→ Exercise instructions
Each line from the first entry to the line with "708 Peccary Place Seguin TX 78155", both included, is to be returned unchanged, with any pictures dropped.
=== Section Start ===
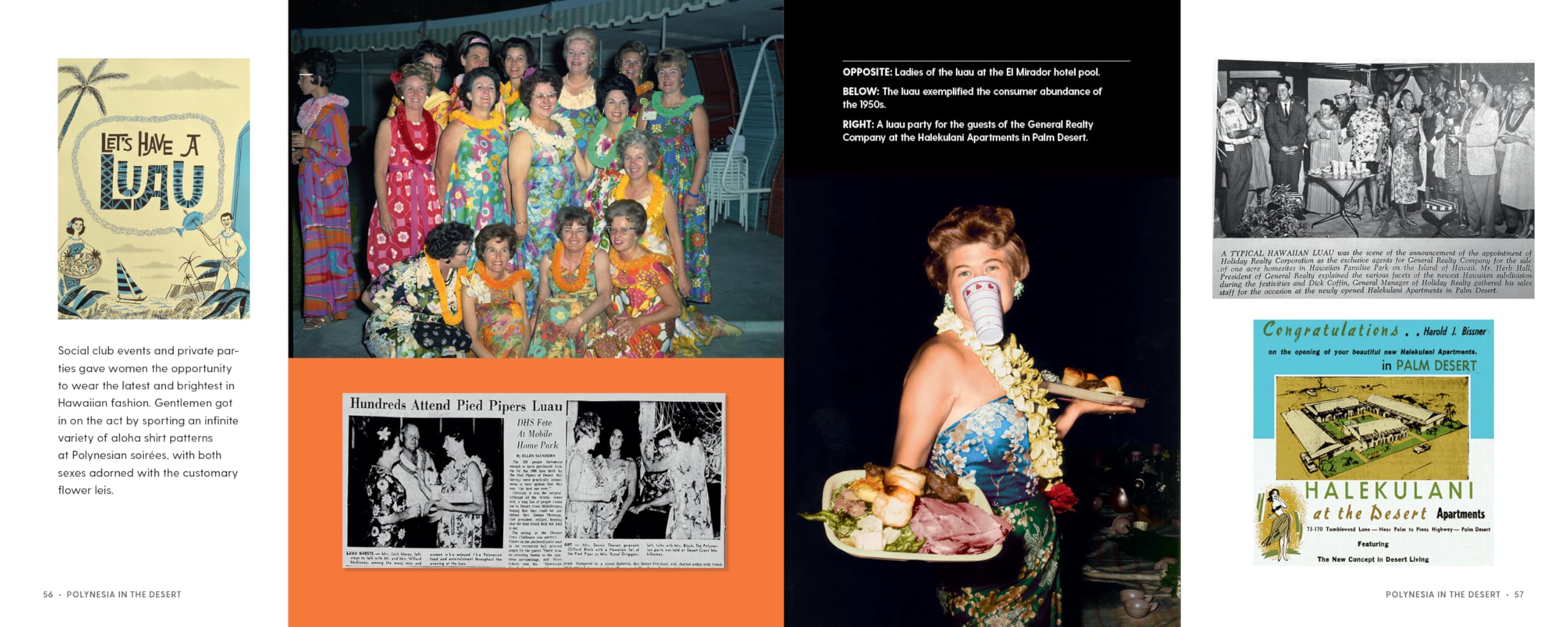 Palm Springs Tiki: Polynesia in the Desert - Image 6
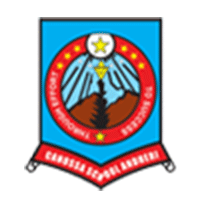 Canossa High School Logo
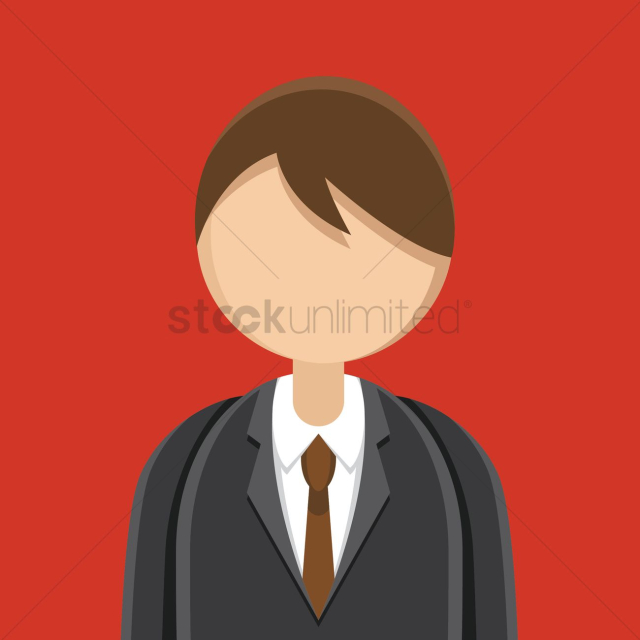 Business man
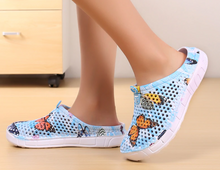 Load image into Gallery viewer, Women Casual Summer Breathable Slip On Flip Flops freeshipping - Tyche Ace

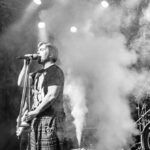 Dust N´ Bones  :Fotograf Kim Fastrup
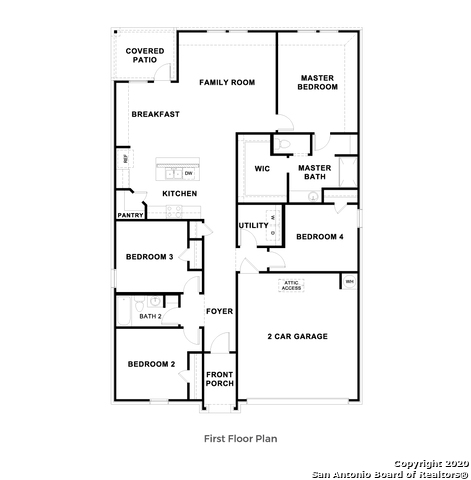 708 Peccary Place Seguin TX 78155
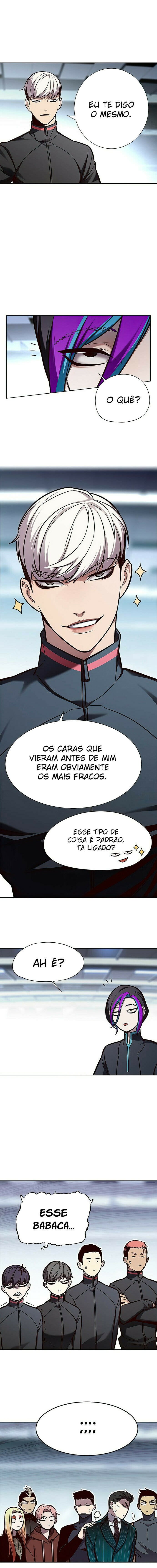 Read Eleceed PT Manga Online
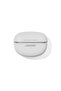 x Kendra Scott Ultra Open Earbuds - Rhodium Filigree - 4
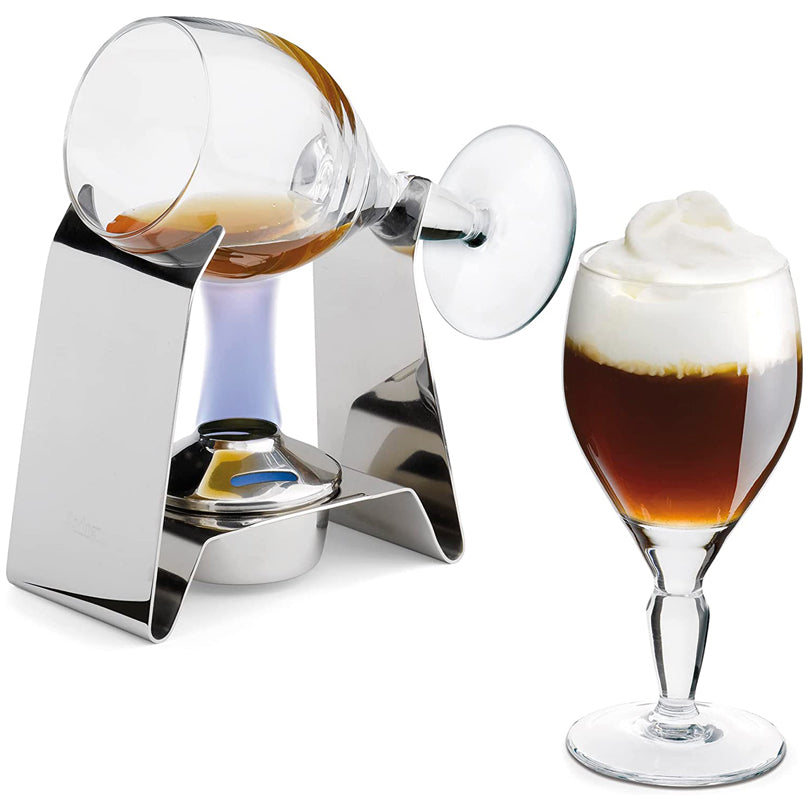 Irish Coffee-Set, 3 pezzi ml 225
=== Section End ===
→ Response
 Palm Springs Tiki: Polynesia in the Desert - Image 6
 Canossa High School Logo
 Business man
 Load image into Gallery viewer, Women Casual Summer Breathable Slip On Flip Flops freeshipping - Tyche Ace

 Dust N´ Bones  :Fotograf Kim Fastrup
 708 Peccary Place Seguin TX 78155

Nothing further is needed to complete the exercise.